In data gioved? 23 luglio 2009 19:13:28, Raymond Toy ha scritto:
: > Stefano Ferri wrote:
> > I have to apply "limit" to a 42x42 matrix. Altough it is a very simple
> > operation (matrix is simple and also sparse) it takes a lot of time and
> > memory (on an athlon xp-m 2800+).
> >
> > (%i15) limit(K,bk,inf)$
> > Evaluation took 4.4963 seconds (4.5914 elapsed) using 29.406 MB.
> >
> > and this:
> >
> > (%i16) map(lambda([el],limit(el,bk,inf)),K)$
> > Evaluation took 4.5323 seconds (4.6274 elapsed) using 29.417 MB.
>
> That's only about 0.002 sec per element of your 1764 element matrix.

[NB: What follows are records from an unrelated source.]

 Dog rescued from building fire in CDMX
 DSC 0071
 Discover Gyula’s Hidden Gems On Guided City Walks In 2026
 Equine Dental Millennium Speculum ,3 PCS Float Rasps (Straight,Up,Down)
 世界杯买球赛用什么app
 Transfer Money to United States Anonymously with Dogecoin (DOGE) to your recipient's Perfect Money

> That doesn't seem so bad to me.
>
> On the other hand, the same matrix when running maxima with cmucl on a
> 1.6 GHz sparc finishes in 2.8 sec.
>
> Are you using clisp? If so, perhaps you will get faster results using
> some other lisp that compiles to native code, such as acl, ccl, cmucl,
> ecl, gcl, lw, or sbcl.
>
> Ray
Yes, I have a package compiled with CLISP. I'm not expert with different kinds
of lisp, I downloaded the package from a Slackware repository... I'll try to
compile Maxima by myself.
As you said, 0.002 sec per element is not bad, but I thought it could be
faster because matrix is sparse. Moreover, limit operations in this example
are very simple.
Maybe limit is not smart enough to understand that elements equal to zero will
remain the same? I don't know about its source code...
Anyway, with a nxn sparse matrix, the order of non-zero elements is n, not
nxn. So is there any way to speed up the process? Considering this, limit
takes about 0.1 seconds per non-zero element, and that's not very good.